Current policy under the federal government was initially signed into law in the 1960s, but has been updated many times over the last 50+ years. Our research team reviewed the policies listed on this page as well as many state and local policies and ordinances. This list is not exhaustive, but does highlight some of the more consistent policy related to historic preservation. On our Policy Recommendations tab, you will find the team's suggested policy updates that provide undervalued and underrepresented communities equitable opportunities in historic preservation.
National Historic Preservation Act of 1965
The National Historic Preservation Act of 1966 contained 3 major initiatives:
Advisory Council on Historic Preservation is made up of 23 public & private sector members.
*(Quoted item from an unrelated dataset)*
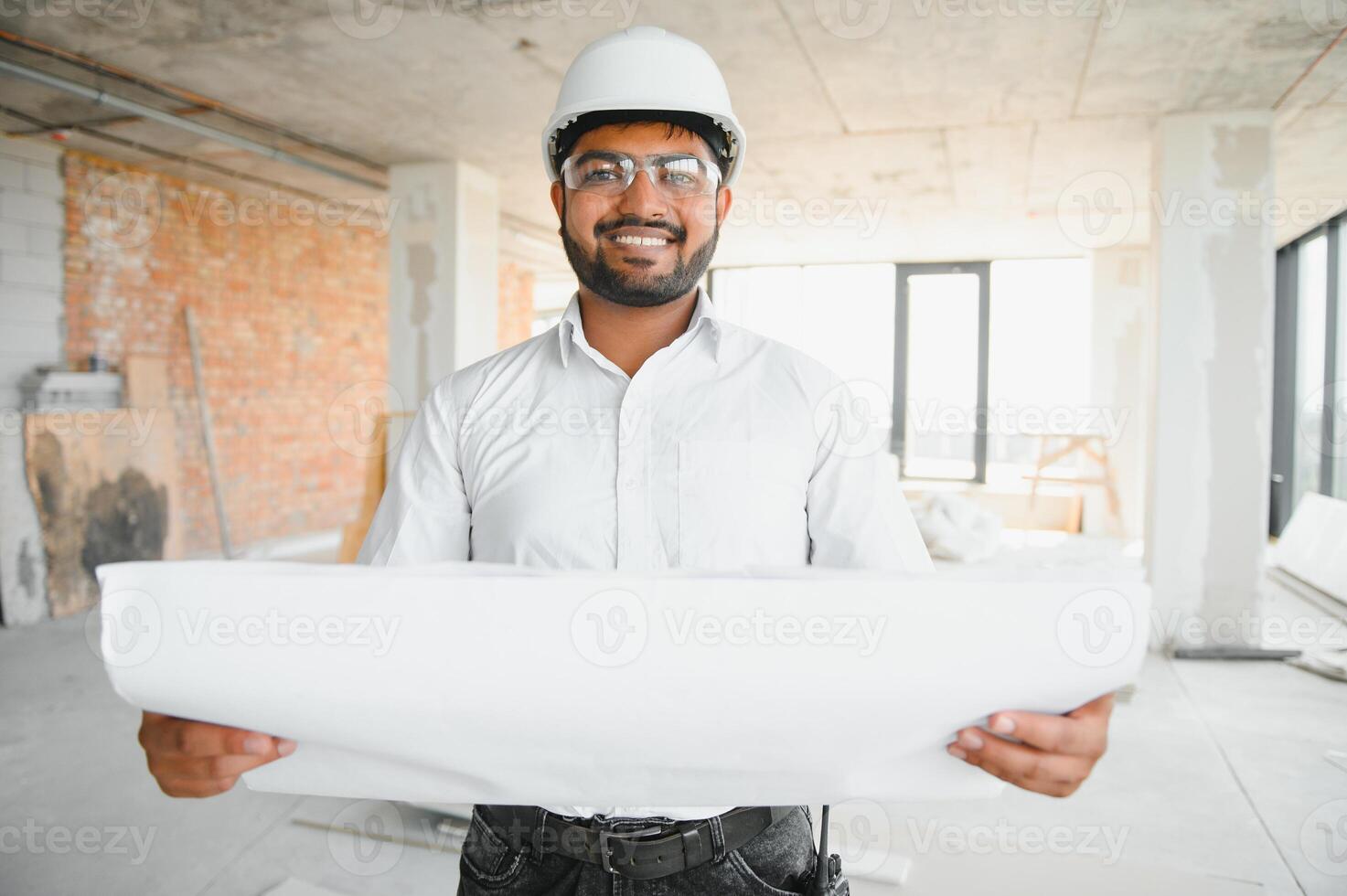 Portrait of young handsome Indian male civil engineer or architect wearing helmet at construction site photo
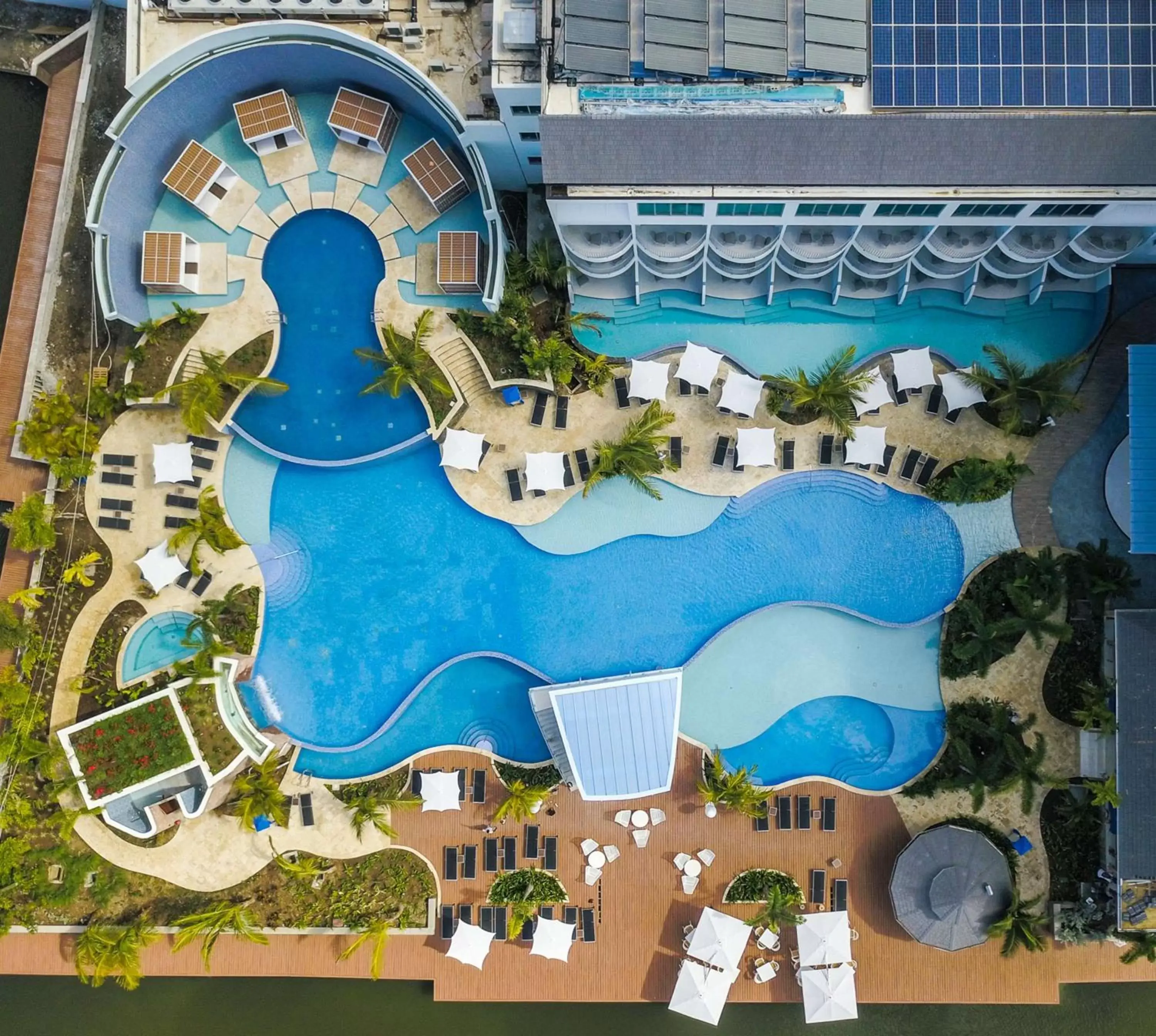 Swimming pool, Bird's-eye View in Harbor Club St Lucia, Curio Collection by Hilton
The role of the Council is to provide information to the President and Congress on preservation issues, to make policy recommendations and handle conflicts, and participate in the Section 106 review process.
Section 106 of the NHPA requires that each federal agency identify and assess the effects its actions may have on historic buildings. Under Section 106, each federal agency must consider public views and concerns about historic preservation issues when making final project decisions.
National Register of Historic Places: must meet at least one of four criteria (inclusion on this register makes sites eligible for grants, loans, and tax incentives, but does not automatically protect them from damage or destruction)
Criterion A, "Event", the property must make a contribution to the major pattern of American history.
Criterion B, "Person", is associated with significant people of the American past.
Criterion C, "Design/Construction", concerns the distinctive characteristics of the building by its architecture and construction, including having great artistic value or being the work of a master.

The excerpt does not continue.